Per dare un’idea «del clima che Hollande sta facendo imporre nella ex patria della libertà di opinione», Blondet segnala anche il caso del professore di storia Pascal Geneste, duramente attaccato per aver difeso Putin come «uno dei precursori della lotta al terrorismo islamico, come dimostra l’intervento russo in Siria contro l’Isis». Geneste è stato convocato in gendarmeria e sottoposto a interrogatorio. E il 17 febbraio, 6 dei suoi allievi sono stati convocati in gendarmeria dove hanno subito un analogo interrogatorio sulla lezione pro-Putin.
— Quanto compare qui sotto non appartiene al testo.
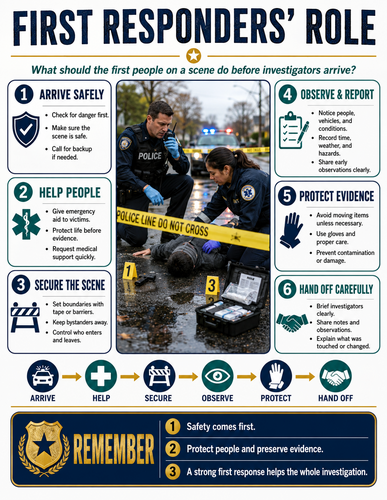 First Responders' Role I Forensic Science I Infographic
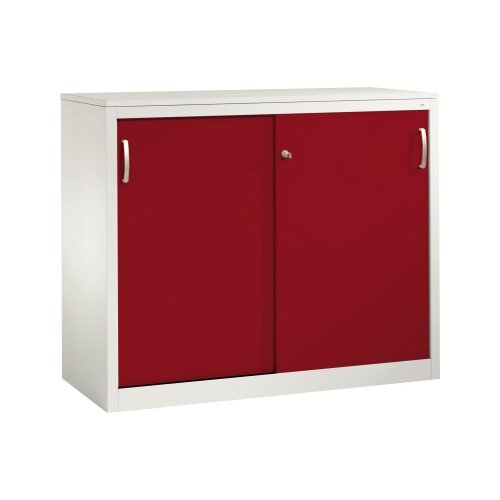 C+P Schiebetürenschrank Acurado 1.200 x 1.000 x 500 mm (B x H x T) lichtgrau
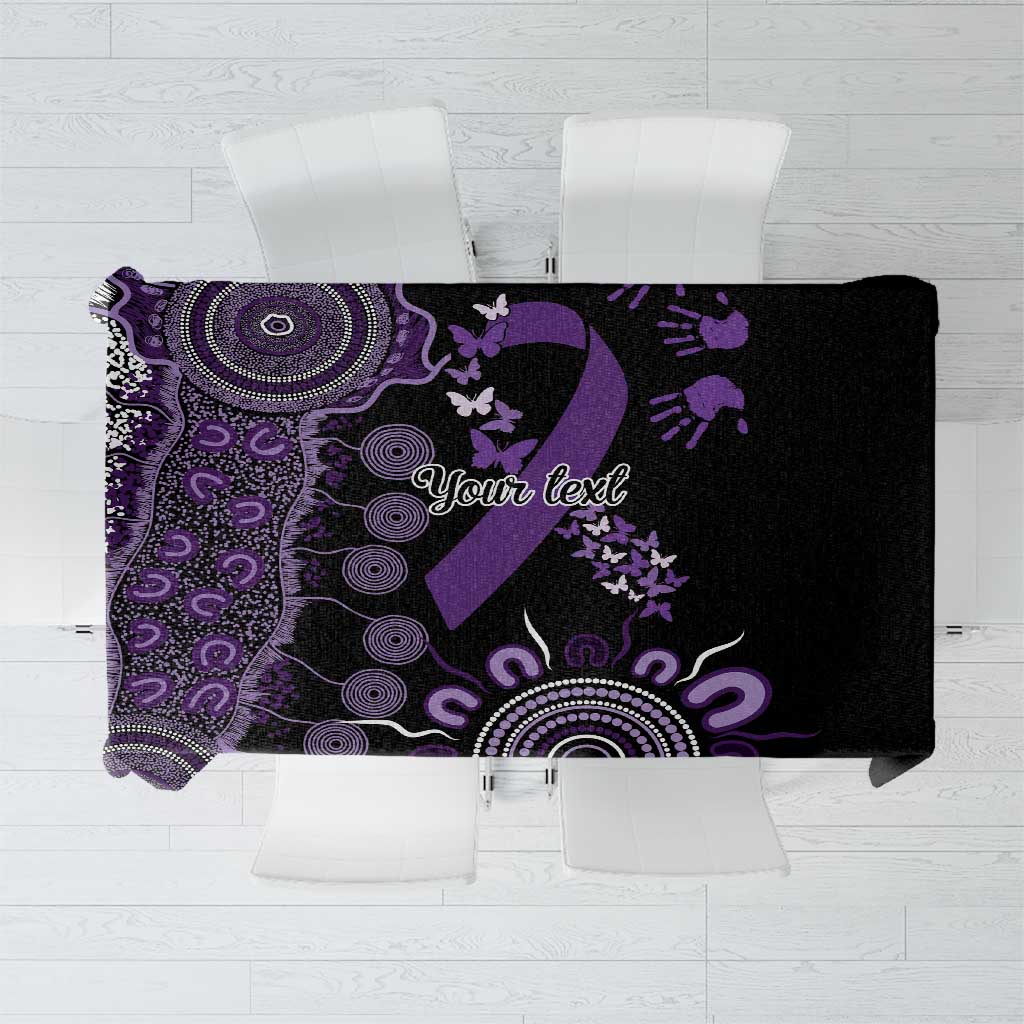 Memories Matter Alzheimers Awareness Personalised Tablecloth Aboriginal Ribbon Dot Painting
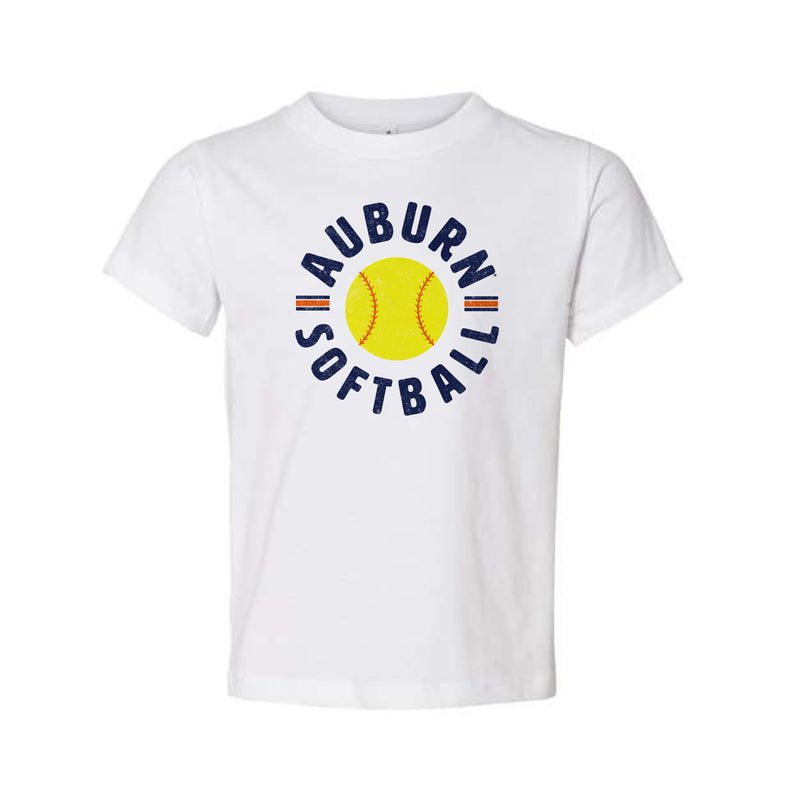 The Auburn Softball Est | Toddler White Tee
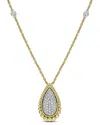 Rina Limor 14k 0.68 Ct. Tw. Diamond Statement Necklace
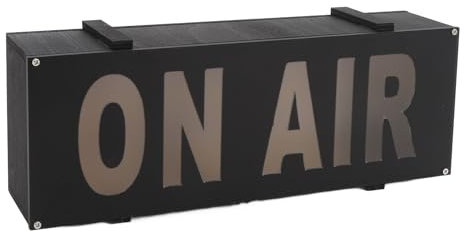 ON AIR Broadcast-Warnschild, Kreatives LED-Licht für Studio-Schreibtisch, Steuerschlüsselschalter, ABS-Material aus Verbundholz, Augenfreundlich, Langlebig, Einfache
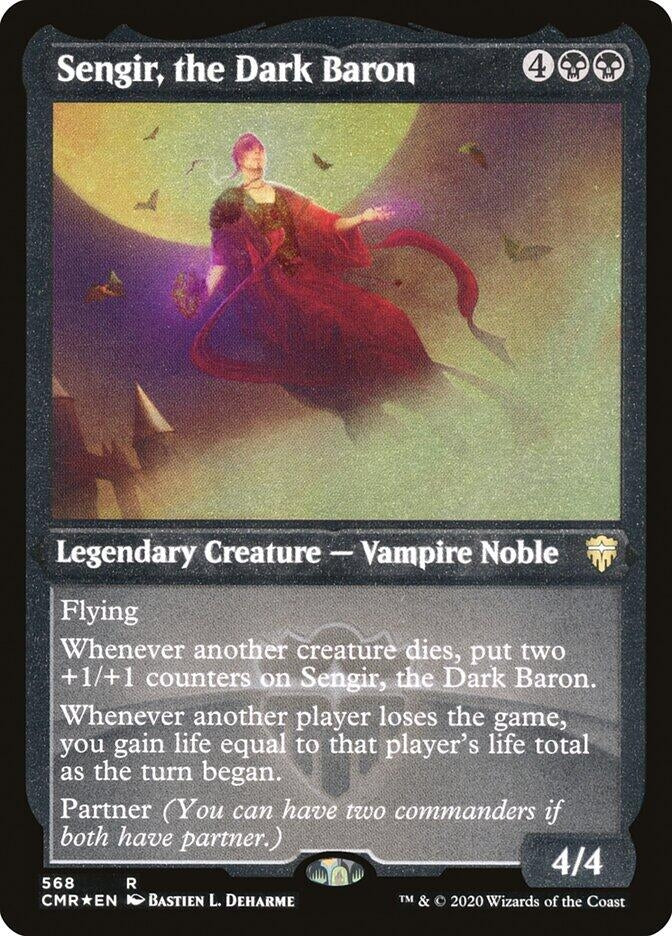 Image for Sengir, the Dark Baron (Foil Etched) (Commander Legends) (568) - Magic: The Gathering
A premere sulla censura – anche sul web – è sempre il Crif, la rappresentanza franco-israeliana, che chiede che anche a Internet si applichi lo stato d’emergenza varato da Valls dopo l’eccidio del Bataclan, con poteri speciali allo Stato per frugare appartamenti, intercettare telefonate, ridurre le libertà personali. In realtà, il decreto contiene già misure repressive applicabili alla Rete: «Lo Stato può bloccare l’accesso a determinati siti, vietare a una persona tutte le comunicazioni via web, copiare tutti i dati trovati su terminali, smartphone e computer durante un’irruzione di polizia, compresi quelli sul cloud. Ma al Crif non basta: vuole siano punti e censurati i “messaggi di odio”», magari interpretando come tali anche le inquietanti rivelazioni di Hamza sul presunto ruolo del Mossad nella strage del 13 novembre.